(Crawled caption data)
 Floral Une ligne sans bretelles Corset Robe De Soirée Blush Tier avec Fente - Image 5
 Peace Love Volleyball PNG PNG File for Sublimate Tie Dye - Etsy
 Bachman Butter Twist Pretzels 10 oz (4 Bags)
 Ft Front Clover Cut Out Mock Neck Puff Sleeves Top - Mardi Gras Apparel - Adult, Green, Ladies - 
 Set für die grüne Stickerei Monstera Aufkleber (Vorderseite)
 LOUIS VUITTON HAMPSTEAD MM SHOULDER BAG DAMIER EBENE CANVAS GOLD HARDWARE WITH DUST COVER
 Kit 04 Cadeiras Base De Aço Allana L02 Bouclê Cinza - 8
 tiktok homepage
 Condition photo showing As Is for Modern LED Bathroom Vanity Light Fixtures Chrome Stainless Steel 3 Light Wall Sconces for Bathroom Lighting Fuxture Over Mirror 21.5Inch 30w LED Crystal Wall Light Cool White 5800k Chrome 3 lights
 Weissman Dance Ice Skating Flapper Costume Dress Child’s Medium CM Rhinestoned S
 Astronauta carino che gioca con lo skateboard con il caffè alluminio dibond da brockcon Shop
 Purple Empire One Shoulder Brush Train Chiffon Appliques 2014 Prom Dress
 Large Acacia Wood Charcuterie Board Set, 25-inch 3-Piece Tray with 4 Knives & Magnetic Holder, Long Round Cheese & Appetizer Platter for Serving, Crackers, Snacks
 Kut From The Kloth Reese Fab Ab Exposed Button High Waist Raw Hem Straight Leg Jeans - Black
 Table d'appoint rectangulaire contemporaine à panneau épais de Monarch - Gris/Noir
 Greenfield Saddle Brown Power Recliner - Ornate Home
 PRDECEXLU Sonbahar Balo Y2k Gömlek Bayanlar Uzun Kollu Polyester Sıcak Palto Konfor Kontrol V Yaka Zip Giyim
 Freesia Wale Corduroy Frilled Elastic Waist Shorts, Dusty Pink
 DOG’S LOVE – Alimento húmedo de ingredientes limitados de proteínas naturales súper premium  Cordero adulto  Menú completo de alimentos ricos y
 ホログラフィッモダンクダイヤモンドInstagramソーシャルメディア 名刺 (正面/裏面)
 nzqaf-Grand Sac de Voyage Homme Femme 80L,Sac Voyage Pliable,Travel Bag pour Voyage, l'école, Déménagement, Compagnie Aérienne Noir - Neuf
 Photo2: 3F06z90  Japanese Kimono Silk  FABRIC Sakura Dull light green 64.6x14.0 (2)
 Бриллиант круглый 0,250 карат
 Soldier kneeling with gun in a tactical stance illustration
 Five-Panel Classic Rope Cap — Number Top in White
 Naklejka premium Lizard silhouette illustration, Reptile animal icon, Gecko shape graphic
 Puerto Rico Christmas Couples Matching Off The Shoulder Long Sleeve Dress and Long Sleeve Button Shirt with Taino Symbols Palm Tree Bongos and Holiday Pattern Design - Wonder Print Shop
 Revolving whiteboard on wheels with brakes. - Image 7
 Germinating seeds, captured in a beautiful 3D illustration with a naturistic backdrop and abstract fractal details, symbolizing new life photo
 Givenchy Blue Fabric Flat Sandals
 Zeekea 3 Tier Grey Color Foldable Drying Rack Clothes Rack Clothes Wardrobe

▶ Work to be completed: Your task is to retype the data exactly, with no line missing.

▶ Solution for this problem:
 Floral Une ligne sans bretelles Corset Robe De Soirée Blush Tier avec Fente - Image 5
 Peace Love Volleyball PNG PNG File for Sublimate Tie Dye - Etsy
 Bachman Butter Twist Pretzels 10 oz (4 Bags)
 Ft Front Clover Cut Out Mock Neck Puff Sleeves Top - Mardi Gras Apparel - Adult, Green, Ladies - 
 Set für die grüne Stickerei Monstera Aufkleber (Vorderseite)
 LOUIS VUITTON HAMPSTEAD MM SHOULDER BAG DAMIER EBENE CANVAS GOLD HARDWARE WITH DUST COVER
 Kit 04 Cadeiras Base De Aço Allana L02 Bouclê Cinza - 8
 tiktok homepage
 Condition photo showing As Is for Modern LED Bathroom Vanity Light Fixtures Chrome Stainless Steel 3 Light Wall Sconces for Bathroom Lighting Fuxture Over Mirror 21.5Inch 30w LED Crystal Wall Light Cool White 5800k Chrome 3 lights
 Weissman Dance Ice Skating Flapper Costume Dress Child’s Medium CM Rhinestoned S
 Astronauta carino che gioca con lo skateboard con il caffè alluminio dibond da brockcon Shop
 Purple Empire One Shoulder Brush Train Chiffon Appliques 2014 Prom Dress
 Large Acacia Wood Charcuterie Board Set, 25-inch 3-Piece Tray with 4 Knives & Magnetic Holder, Long Round Cheese & Appetizer Platter for Serving, Crackers, Snacks
 Kut From The Kloth Reese Fab Ab Exposed Button High Waist Raw Hem Straight Leg Jeans - Black
 Table d'appoint rectangulaire contemporaine à panneau épais de Monarch - Gris/Noir
 Greenfield Saddle Brown Power Recliner - Ornate Home
 PRDECEXLU Sonbahar Balo Y2k Gömlek Bayanlar Uzun Kollu Polyester Sıcak Palto Konfor Kontrol V Yaka Zip Giyim
 Freesia Wale Corduroy Frilled Elastic Waist Shorts, Dusty Pink
 DOG’S LOVE – Alimento húmedo de ingredientes limitados de proteínas naturales súper premium  Cordero adulto  Menú completo de alimentos ricos y
 ホログラフィッモダンクダイヤモンドInstagramソーシャルメディア 名刺 (正面/裏面)
 nzqaf-Grand Sac de Voyage Homme Femme 80L,Sac Voyage Pliable,Travel Bag pour Voyage, l'école, Déménagement, Compagnie Aérienne Noir - Neuf
 Photo2: 3F06z90  Japanese Kimono Silk  FABRIC Sakura Dull light green 64.6x14.0 (2)
 Бриллиант круглый 0,250 карат
 Soldier kneeling with gun in a tactical stance illustration
 Five-Panel Classic Rope Cap — Number Top in White
 Naklejka premium Lizard silhouette illustration, Reptile animal icon, Gecko shape graphic
 Puerto Rico Christmas Couples Matching Off The Shoulder Long Sleeve Dress and Long Sleeve Button Shirt with Taino Symbols Palm Tree Bongos and Holiday Pattern Design - Wonder Print Shop
 Revolving whiteboard on wheels with brakes. - Image 7
 Germinating seeds, captured in a beautiful 3D illustration with a naturistic backdrop and abstract fractal details, symbolizing new life photo
 Givenchy Blue Fabric Flat Sandals
 Zeekea 3 Tier Grey Color Foldable Drying Rack Clothes Rack Clothes Wardrobe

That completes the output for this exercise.